FIRE's letter to U of C president Robert Zimmer presents the so-far undisputed facts of the case. The Mearsheimer status update was posted on December 6, 2009, at 11:18 A.M. At some point later that day and for part of the next day, U of C police officer Abraham Martinez placed several calls to Dozier's cell phone, with Dozier finally picking up the call from the unknown number on the following day. When they finally talked, Martinez grilled Dozier for a while about his political views and campus radio show, and ultimately agreed not to tell Mearsheimer about the comment as long as it was deleted within two hours, which Dozier did. As far as the University of Chicago Police Department is concerned, that seems to have ended the matter, and as far as we know it didn't tell Mearsheimer about the "threat."
Unfortunately—and here's what those who have responded defending the U of C's actions are missing—none of this behavior on behalf of the university makes any sense if the University actually believed Dozier's Facebook comment to be a true threat. If someone's life is seriously being threatened, do you expect the police to wait around for the potential assassin to answer a phone call so that you can ask them about it, or do you expect them to go find the potential culprit immediately?
Once Dozier was identified as not being a threat (as we must assume he was, since he was allowed to take a class with Professor Mearsheimer the following quarter), what, then, was the U of C's justification for demanding he take down his Facebook status update or for threatening to investigate what he was saying on his campus radio show? Remember: the university had clearly determined that this comment was in fact a joke; otherwise it would not have simply left Dozier alone after censoring him. (One hopes, anyway.) What exactly did this censorship, which violates the university's promises of free speech, accomplish?
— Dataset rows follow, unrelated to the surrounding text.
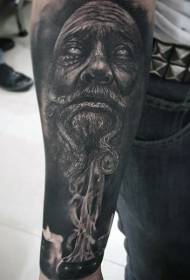 arm super realistische oude wizard tattoo patroon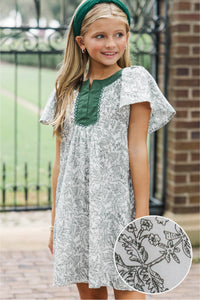 Girls: Evergreen Moments Olive Toile Babydoll Dress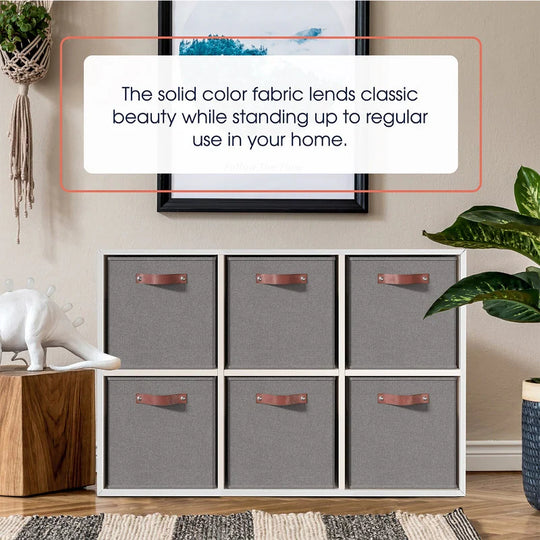 Foldable Collapsible Storage Box Bins Linen Fabric Shelf Basket Cube Organizer with Leather Handles - Set of 6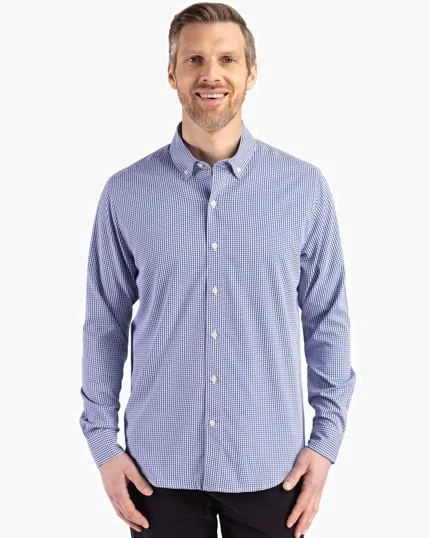Skyline Recycled Gingham Men's Long Sleeve Button Down Dress Shirt — view 12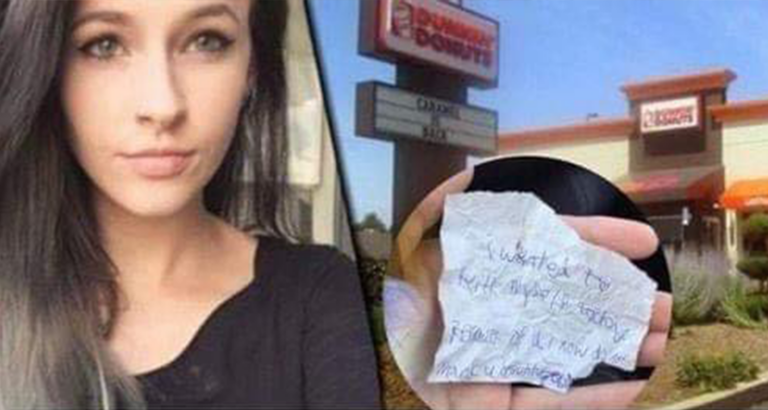 Woman buys homeless man food and stays with him – he then gives her a note and she realizes the truth.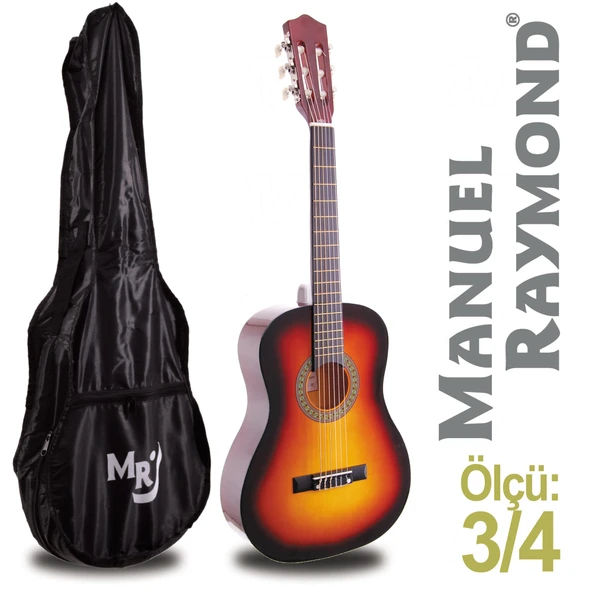 Manuel Raymond MRC87SB 3/4 Boy Junior Klasik Gitar Seti| Sunburst Renk, Çocuklar İçin Uygun, Taşıma Kılıfı Hediyeli ürün görseli 1
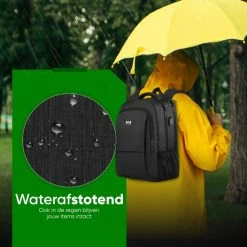 Aanbiedingen 💯 Navy Madden Rugzak Met USB Poort 28L - Zwart - Luxe Laptop Rugtas 15.6 Inch Met Laptopvak - Heren - Dames - Jongens - Meisje - Waterafstotend - Rugzakken ✨ -Tassen-dames Winkel 550x550 19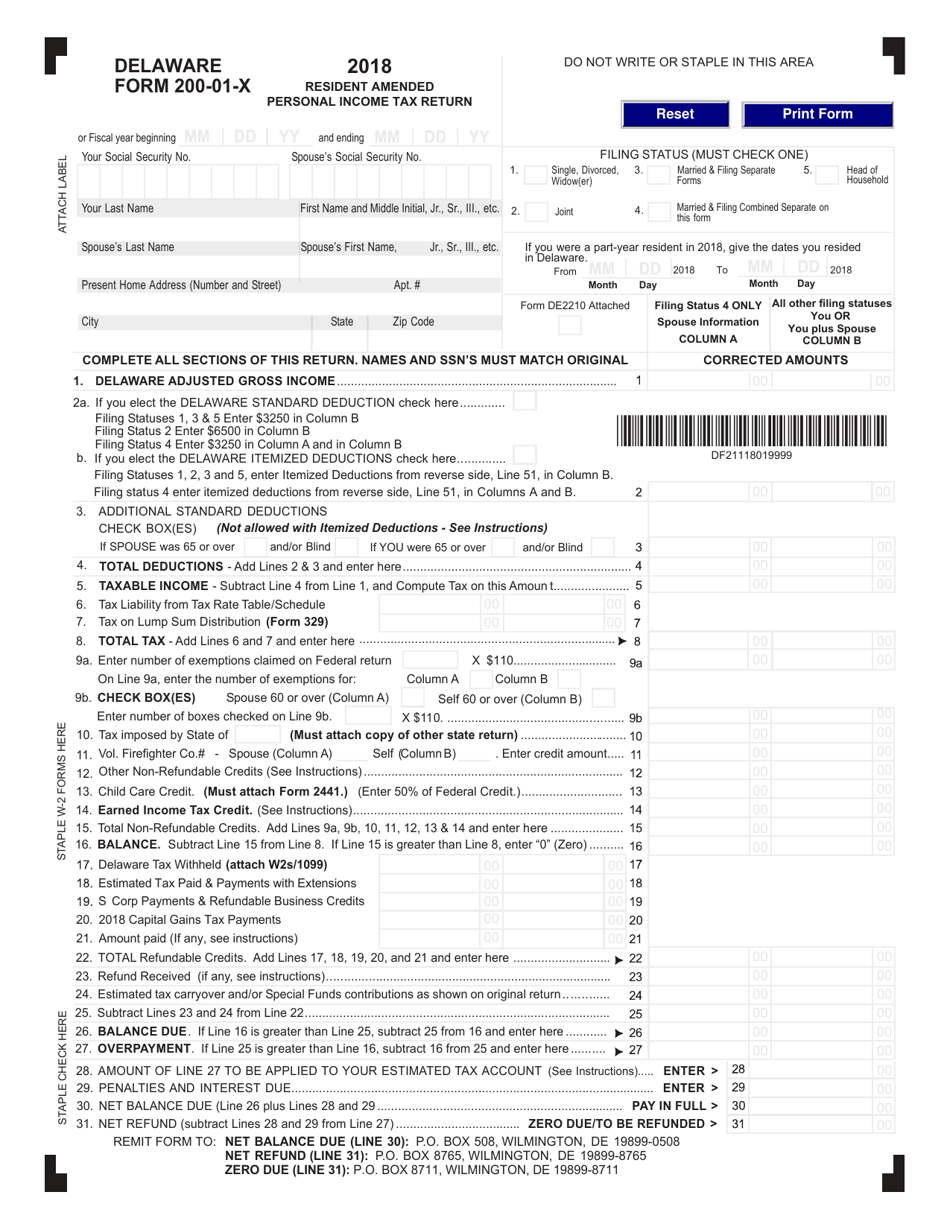 Form 200-01-X Resident Amended Personal Income Tax Return - Delaware, Page 1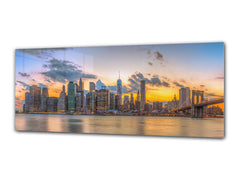 Arte mural con impresión en vidrio: imagen sobre vidrio, 125 x 50 cm (≈ 50” x 20”); Ciudad 9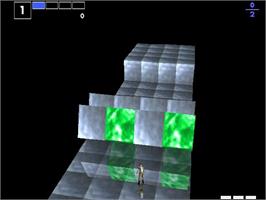 In game image of I.q. - Intelligent Qube on the Sony Playstation.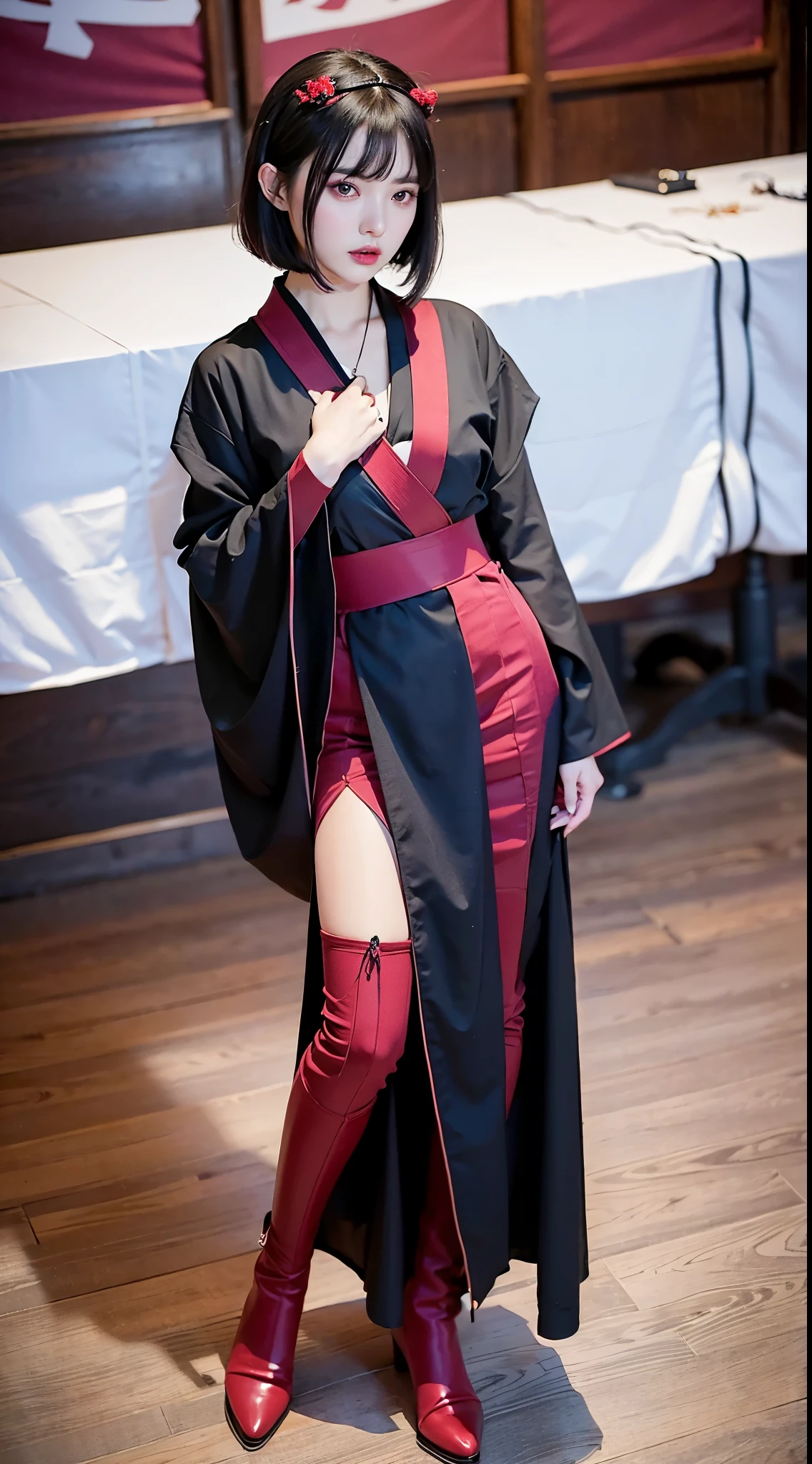 ulzzang-6500-v1.1, (RAW Photos:1.2), (Photorealistic), (Genuine:1.4), (masterpiece), Elegant woman with a perfect figure: 1.3, Jet Black Hair、((Straight bob hair with neatly cut ends、bangs、Red Hairband))、(Wearing a deep purple furisode with an elegant pattern)、Standing with folding fan closed、Majestic Hall々, (Murderous Intentに満ちた表情:1.2)、 Highly detailed face and skin, Fine Eyes, double eyelid, ((Full Body Shot:1.14))、Wear short boots、Murderous Intent、Murderous intent、Sharp Eyes、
Investigation of serious death threats is justified. Whether or not a statement that you had a dream about assassinating a professor for a secret Israeli organization that ends with a smiley-face emoticon constitutes a "serious death threat," is, I suppose, up for debate (if you really, really stretch it). But censorship of someone's joke about assassination is pointless either way. Either you are (a) pointlessly and repressively censoring ultimately harmless speech, or (b) you are advising a potential murderer to hide his motives from others until it could potentially be too late. The fact that there's no logical way that any university would choose option (b) means that the University of Chicago can only have chosen option (a): pointlessly and repressively censoring harmless speech. That's why FIREobjects to its actions.